Here are six ways AI and ML are changing performance engineering, presented as questions that AI and ML can help answer.

Where is our performance in production headed?

The amount of data in production logs can be overwhelming. Even in the aggregate it can be confusing; an API result simply is not the same thing as an image file or other piece of static content. That means the measure of the average time to serve requests could be misleading. A list of delays by service might mean something to an IT manager, but not much. Median time is probably more informative. And the argument rages on.

But is a look at today's production performance as valuable as knowing where we are going? The simplest application of ML is to use data sources to predict trends. Trends help leaders tell if a situation is under control, getting better, or getting worse—and how fast it's improving or worsening. An ML chart could predict performance problems, allowing the team to take corrective action. And as Benjamin Franklin said, an ounce of prevention is worth a pound of cure.

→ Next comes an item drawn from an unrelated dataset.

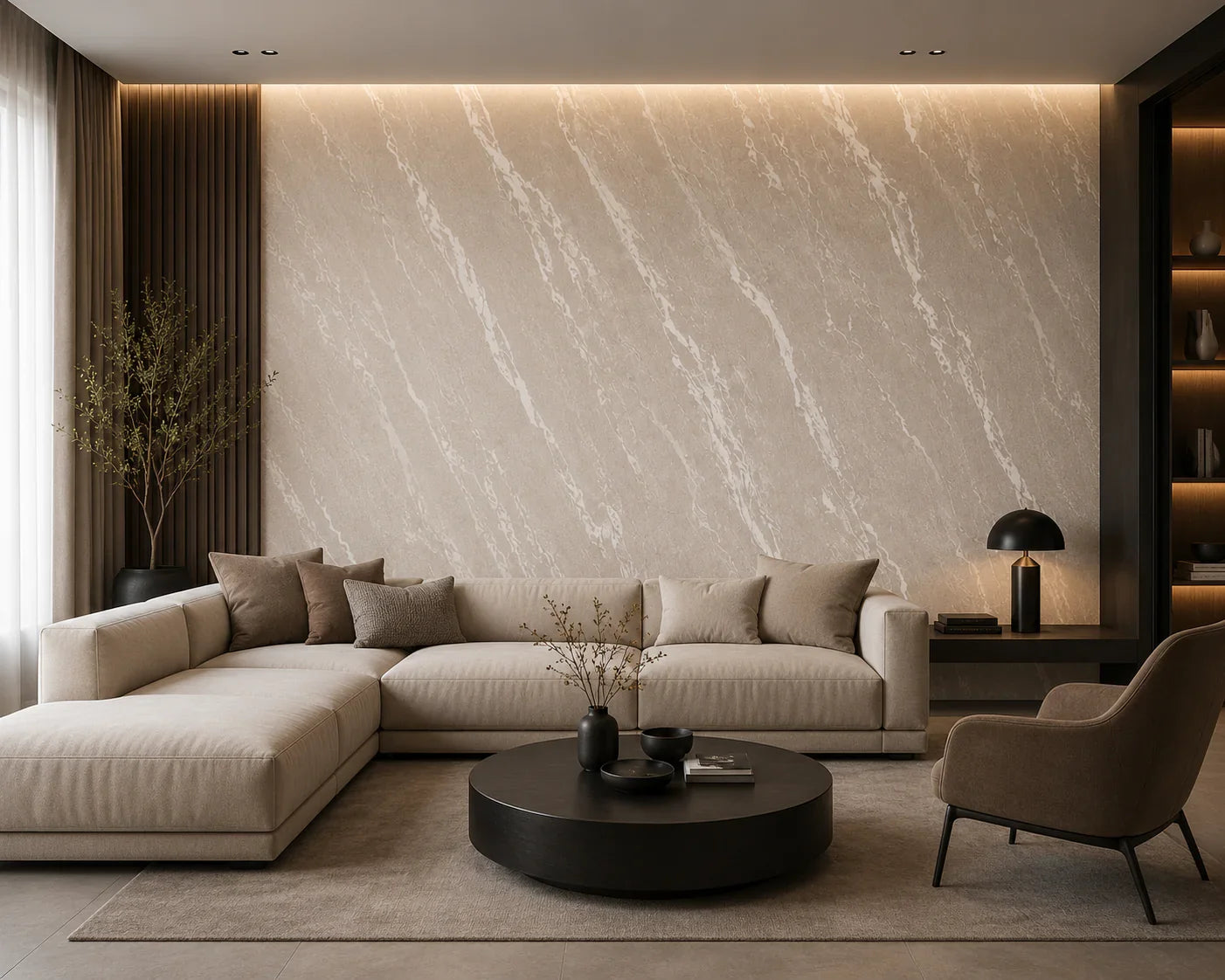 Beige Calacatta SPC wandpaneel moderne woning | Elite Decoration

And it may be possible to test the fix before deploying to production. Being able to verify a fix is great, but being able to do so before impacting a single live user is even better.

What are our users doing?

Historically, a great deal of performance testing has been guesswork. Testers guess at what the users will do, sometimes informed by a log. If the log is organized in a particularly helpful way, the tester might be able to write a Ruby script to figure out what actions are happening the most, or how often, or how long they take. It can take a great deal of time to build enough of these tools to get a full picture of what is happening, or, more likely, what was happening yesterday. And as new features and new APIs with new URLs are added, these tools become obsolete.

Distributed search engine tools flip when using unsupervised ML. You throw all your logs into a shared network drive, the ML tool indexes them, and then you can search using something close to English. The natural-language processing (NLP) tool then tries to figure out what you mean and to give you the answer.

I've used these sorts of tools to find the specific errors happening to customers in production, but also to find out how many times a particular activity is happening over a given time period. Performance engineers can ask today's questions using something similar to a Google search engine, perhaps with a few special keystrokes.

The next step beyond a search engine is an ML tool, perhaps aided by a few keywords or groupings, to look through logs. That may be on the horizon.

How do we make realistic data?

Classic performance tools have the tester perform some operation through the user interface, for example, log in, do a product search, click on the product, add to cart, log out. The tool will record the packets, then play them back.

But the next time the tool runs, a lot of niggling details in the packets might be different. UserID, SessionID, security codes, ProductID, CacheIDs, and any unique codes or timestamp-based codes will need to change in order to have a true simulation. Gil Kedem, product manager of the LoadRunner family of tools at Micro Focus, explained that the newest generation of load test tools can infer meaning in those changing fields and change the values that are sent back to match the ones that are sent in, just as a browser might.

What does our data mean?

Experienced performance testers do more than look at averages and means; they look at percentages. The worst 10% of performance, for example, could be caused by a bug in the system that creates a condition that always performs slowly. Or it could be a user in Alaska trying to download a huge attachment over dial-up.

One way to figure that out is to create a histogram, a map of the distribution or speed of the performance for the feature, function, or system. Another is to figure out if the slow performance happens during load, say, or at the transition point, when the system is trying to add capacity with extra cloud servers that are not online yet.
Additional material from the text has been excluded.